**To do**.
Only the lines from the line that contains "Costway Grey Accent" through the final line of the entries below belong in your answer, copied exactly and without pictures.

**Material provided**.
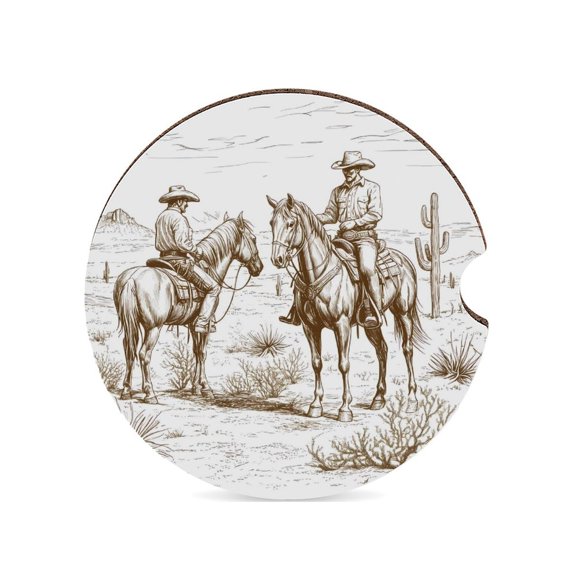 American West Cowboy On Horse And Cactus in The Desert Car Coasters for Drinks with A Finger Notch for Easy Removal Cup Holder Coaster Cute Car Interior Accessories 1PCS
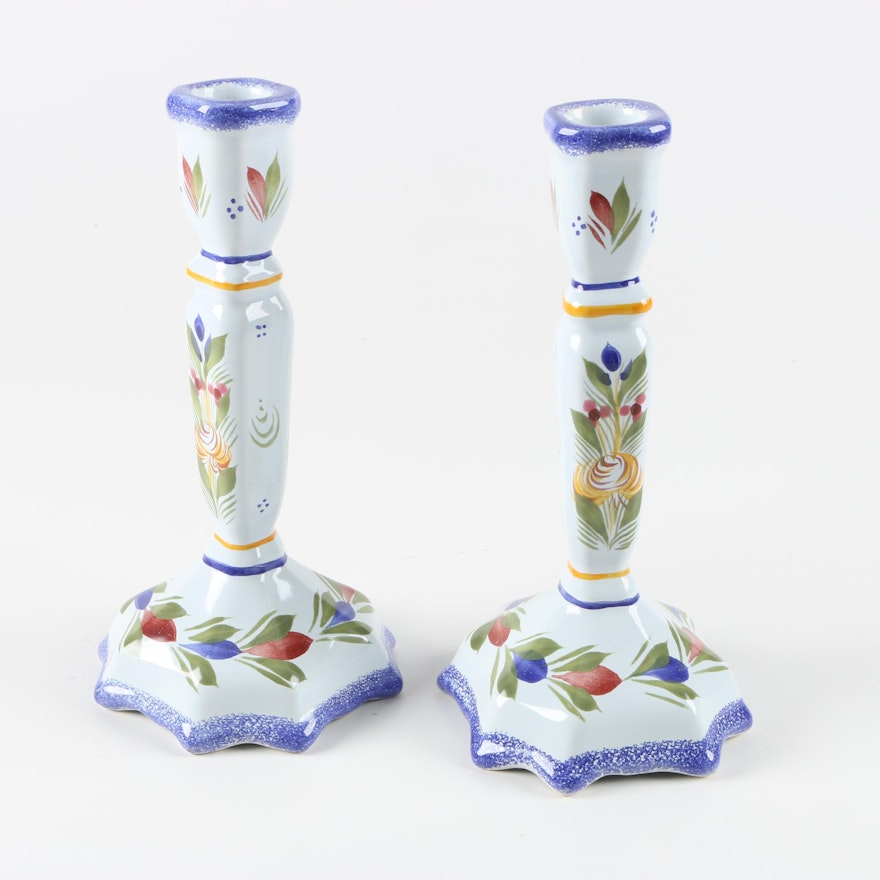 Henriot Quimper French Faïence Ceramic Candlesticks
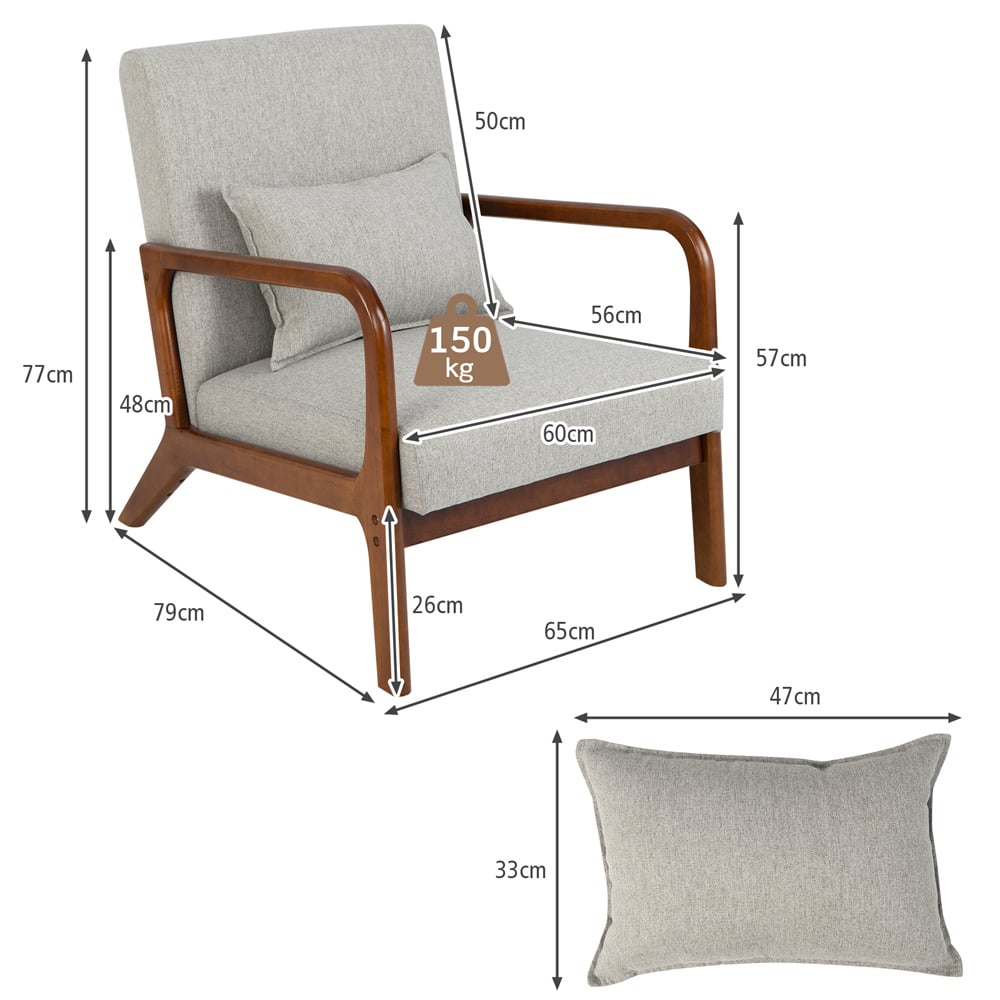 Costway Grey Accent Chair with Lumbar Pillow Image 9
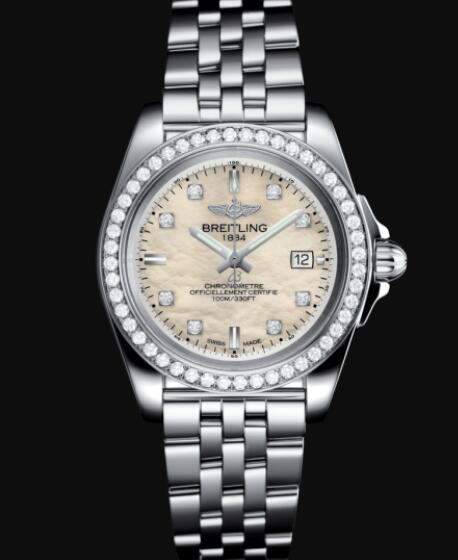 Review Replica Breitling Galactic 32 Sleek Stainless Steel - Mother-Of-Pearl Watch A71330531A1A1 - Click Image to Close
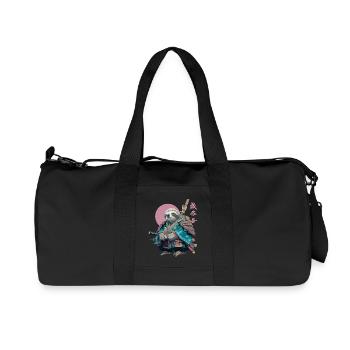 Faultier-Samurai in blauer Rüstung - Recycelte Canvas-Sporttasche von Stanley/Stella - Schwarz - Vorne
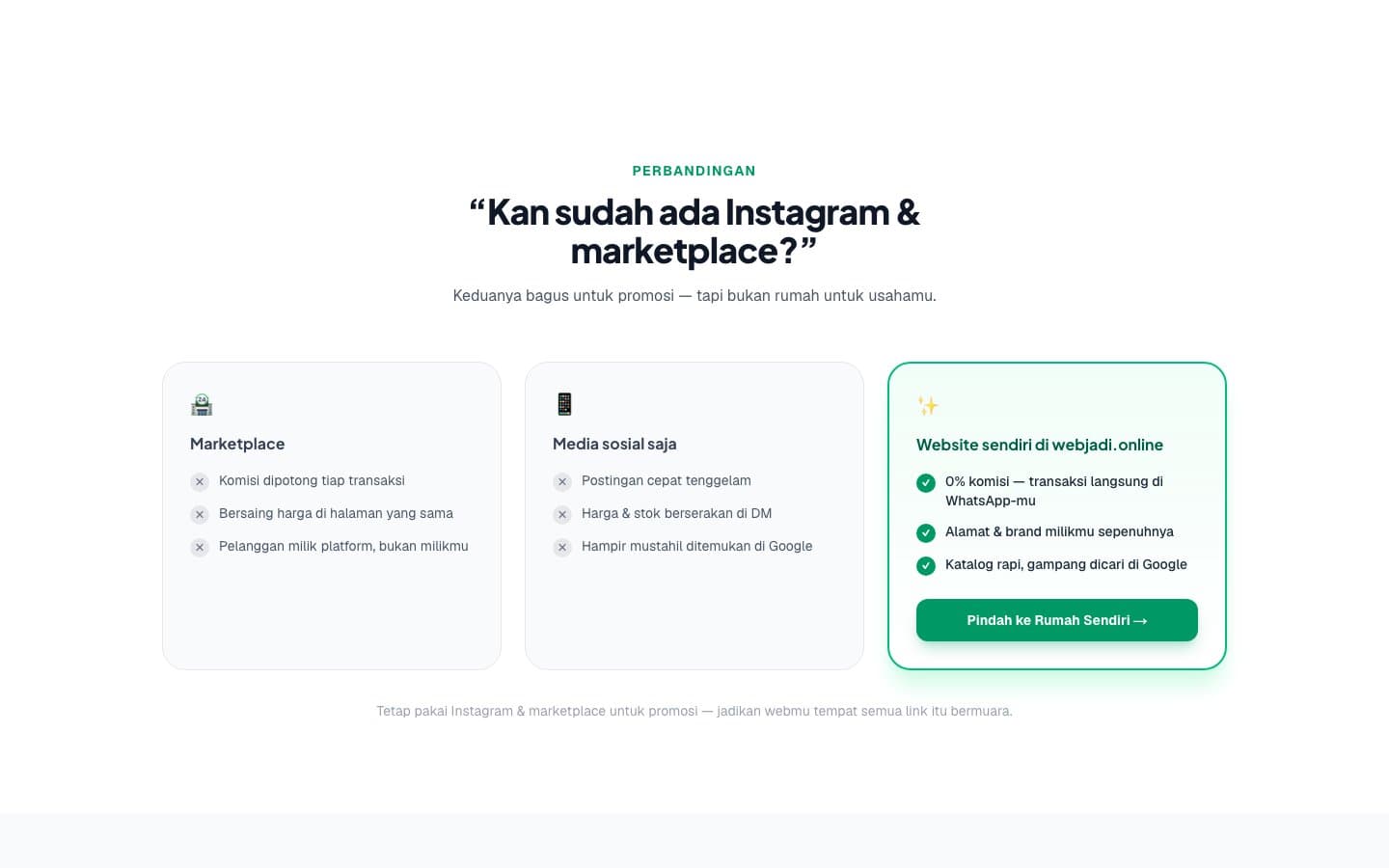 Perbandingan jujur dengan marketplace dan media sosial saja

**Exercise solution**.
 Costway Grey Accent Chair with Lumbar Pillow Image 9
 Review Replica Breitling Galactic 32 Sleek Stainless Steel - Mother-Of-Pearl Watch A71330531A1A1 - Click Image to Close
 Faultier-Samurai in blauer Rüstung - Recycelte Canvas-Sporttasche von Stanley/Stella - Schwarz - Vorne
 Perbandingan jujur dengan marketplace dan media sosial saja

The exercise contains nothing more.